- Opening Delimiter -

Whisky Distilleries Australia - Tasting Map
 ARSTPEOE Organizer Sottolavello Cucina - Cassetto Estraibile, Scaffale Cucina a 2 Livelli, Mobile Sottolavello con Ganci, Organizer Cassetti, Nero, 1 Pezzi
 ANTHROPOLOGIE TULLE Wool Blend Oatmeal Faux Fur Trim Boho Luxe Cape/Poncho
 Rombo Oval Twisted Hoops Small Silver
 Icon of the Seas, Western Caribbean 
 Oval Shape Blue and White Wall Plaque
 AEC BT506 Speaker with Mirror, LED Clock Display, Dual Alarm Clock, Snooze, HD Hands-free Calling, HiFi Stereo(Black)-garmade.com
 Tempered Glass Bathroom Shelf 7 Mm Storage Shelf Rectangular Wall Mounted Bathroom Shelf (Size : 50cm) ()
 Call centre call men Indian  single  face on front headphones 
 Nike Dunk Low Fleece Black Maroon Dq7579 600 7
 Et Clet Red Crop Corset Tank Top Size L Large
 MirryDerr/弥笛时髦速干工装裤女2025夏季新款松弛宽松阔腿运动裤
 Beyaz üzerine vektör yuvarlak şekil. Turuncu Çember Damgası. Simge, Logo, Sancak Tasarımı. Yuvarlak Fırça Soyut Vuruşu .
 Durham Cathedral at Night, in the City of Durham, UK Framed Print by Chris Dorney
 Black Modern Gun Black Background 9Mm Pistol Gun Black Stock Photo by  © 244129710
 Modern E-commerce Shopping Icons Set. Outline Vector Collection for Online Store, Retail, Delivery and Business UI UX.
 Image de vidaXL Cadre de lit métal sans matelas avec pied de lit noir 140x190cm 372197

- Closing Delimiter -

Every record, copied exactly, is the expected answer.

Whisky Distilleries Australia - Tasting Map
 ARSTPEOE Organizer Sottolavello Cucina - Cassetto Estraibile, Scaffale Cucina a 2 Livelli, Mobile Sottolavello con Ganci, Organizer Cassetti, Nero, 1 Pezzi
 ANTHROPOLOGIE TULLE Wool Blend Oatmeal Faux Fur Trim Boho Luxe Cape/Poncho
 Rombo Oval Twisted Hoops Small Silver
 Icon of the Seas, Western Caribbean 
 Oval Shape Blue and White Wall Plaque
 AEC BT506 Speaker with Mirror, LED Clock Display, Dual Alarm Clock, Snooze, HD Hands-free Calling, HiFi Stereo(Black)-garmade.com
 Tempered Glass Bathroom Shelf 7 Mm Storage Shelf Rectangular Wall Mounted Bathroom Shelf (Size : 50cm) ()
 Call centre call men Indian  single  face on front headphones 
 Nike Dunk Low Fleece Black Maroon Dq7579 600 7
 Et Clet Red Crop Corset Tank Top Size L Large
 MirryDerr/弥笛时髦速干工装裤女2025夏季新款松弛宽松阔腿运动裤
 Beyaz üzerine vektör yuvarlak şekil. Turuncu Çember Damgası. Simge, Logo, Sancak Tasarımı. Yuvarlak Fırça Soyut Vuruşu .
 Durham Cathedral at Night, in the City of Durham, UK Framed Print by Chris Dorney
 Black Modern Gun Black Background 9Mm Pistol Gun Black Stock Photo by  © 244129710
 Modern E-commerce Shopping Icons Set. Outline Vector Collection for Online Store, Retail, Delivery and Business UI UX.
 Image de vidaXL Cadre de lit métal sans matelas avec pied de lit noir 140x190cm 372197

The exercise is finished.